Le donne di buon umore
Unico tra i balletti di Djagilev approdato nel 1920 al Teatro Lirico di Milano a essere presentato una sola sera (quella del 5 aprile), Le donne di buon umore (noto, nel mondo con il titolo francese Les Femmes de bonne humeur ), coreografia di Léonide Massine e musica di Domenico Scarlatti (orchestrata da Vincenzo Tommasini), nacque in Italia, a Roma, nel 1917, e debuttò al Teatro Costanzi il 12 aprile. Così ne scrive F.Rain sul Giornale d’Italia:
“Brusìo di curiosità e fors’anche di ironici commenti, a causa della oscura stravaganza dell’ambiente ideato dal famoso Bakst per una commedia settecentesca: ma ciò nulla tolse alla cordialità onde il gran pubblico, a poco, a poco dilettato a poi persuaso e poi entusiasmato dalla squisita vivacità dell’azione scenica zampillante, dalla ricca vena di musiche deliziose, volle accogliere, con frequenti applausi e alla fine con reiterate unanimi ovazioni, la geniale indovinatissima fatica del giovane musicista romano e dei suoi collaboratori, il Bakst e il Socrate per quanto riguarda i costumi – meravigliosissimi – e il Massine per la musica e le danze, sorprendenti di vivezza, di precisione, di umorismo. Questa anzi è appunto la nota saliente della novissima e vittoriosa opera: l’umorismo, che vi è profuso con grazia e con signorilità inesauribili e che costituisce, addirittura, una vera e gustosissima “interpretazione” del nostro settecento goldoniano.”
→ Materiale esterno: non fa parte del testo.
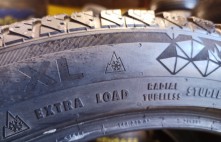 Continental Viking Contact 7 102T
Tre anni dopo, a Milano, gli interpreti (non indicati in locandina) dovevano essere gli stessi delle recite romane del febbraio 1920 anche perché tutti elencati nel generale casting della locandina scaligera, con l’unico direttore d’orchestra: Henry Morin. Dunque: Lubov Tchernicheva (Costanza), Szigmund Nowak (il conte Rinaldo), Giuseppina Cecchetti (Silvestra), Enrico Cecchetti (il marchese Luca), Vera Nemchinova (Mariuccia), Sofia Antonova (Pasquina), Stanislas Idzikowsky (Battista), Lydia Sokolova (Felicita), lo stesso Massine (Leonardo), Felia Radina (Dorotea), Jean Jazvinskij (il capitano Faloppa) e Léon Woizikowskij (il cameriere Nicolò) si impegnarono con tutte le loro forze e il loro virtuosismo a ricreare lo spirito dell’omonima commedia di Carlo Goldoni, in una Venezia, ancora pensata da Léon Bakst, durante il Carnevale, come in Le Carneval a firma Fokin.
Qui però, la trama è assai più consistente, grazie all’ispirazione goldoniana. Aiutate dall’astuto fattore Nicolò, le donne di buon umore non pensano ad altro che a ordire intrighi e a coalizzarsi per prendere in giro, a turno, il bel Rinaldo, corteggiatore di Costanza, il vecchio Marchese de Luca e pure sua sorella, la Marchesa Silvestra. Tutto ciò con il ritmo sostenuto di una commedia danzata, ricca di equivici e dispetti, sostituzioni e delusioni, ma ogni inghippo si scioglie nel riso e lo spettacolo seduce per la sua disinvoltura e leggerezza. La musica di Scarlatti era stata scelta da Djagilev, dopo aver scartato centinaia di partiture, e assicurava consistenza della creazione.
Seguendo le note, Massine aveva creato una coreografia particolarmente dinamica: ovvero spirituale, mai volgare, capace di mescolare i processi della danza accademica ai movimenti della vita quotidiana, spesso deformati in forme grottesche. Assai apprezzata anche dal critico della Tribuna Alberto Gasco, in un articolo del 17 aprile 1920 (“I nuovi balli russi al Costanzi”)
Le donne di buon umore, proprio con il titolo del debutto dei Ballets Russes, era destinato a un ritorno scaligero, anche se non fedele all’originale: fu allestito, non da Massine, ma da Luciana Novaro nel febbraio 1961, con le scene e i costumi di Pier Luigi Pizzi e l’interpretazione di Carla Fracci, Elettra Morini, Carmen Puthod, Fiorella Cova, Roberto Fascilla e Mario Pistoni riscuotendo un plauso consistente, ma non più replicato.